What is being asked >> In the entries that follow, find the line containing "Oval Dino Cartoon"; from there, copy every line exactly through the line containing "Emoji Poop Long Sleeve Velvet Skater Dress".

Provided material >>
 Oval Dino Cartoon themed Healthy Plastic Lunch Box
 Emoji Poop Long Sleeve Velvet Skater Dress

--

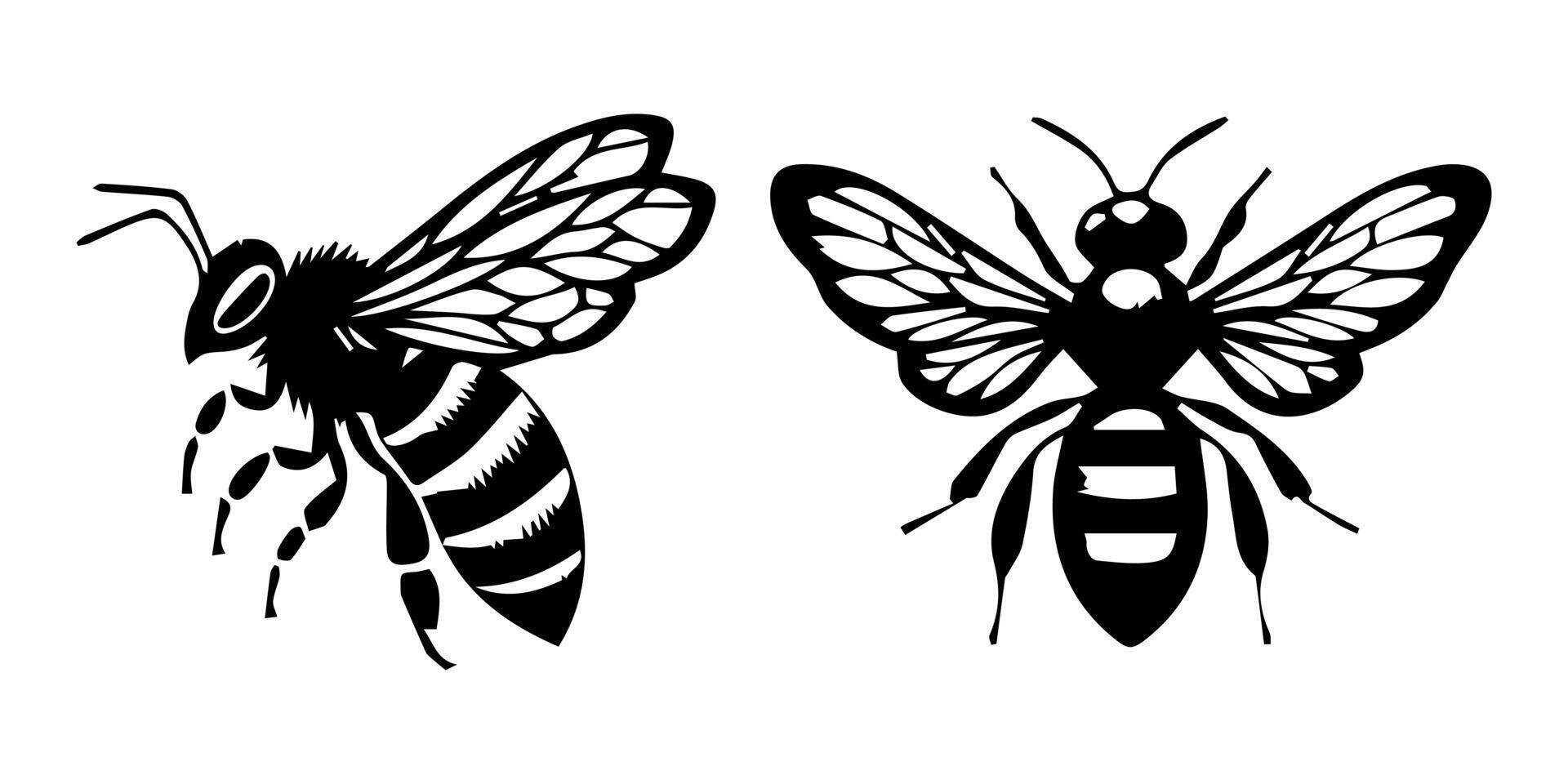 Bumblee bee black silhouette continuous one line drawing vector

Solution for this problem >>
 Oval Dino Cartoon themed Healthy Plastic Lunch Box
 Emoji Poop Long Sleeve Velvet Skater Dress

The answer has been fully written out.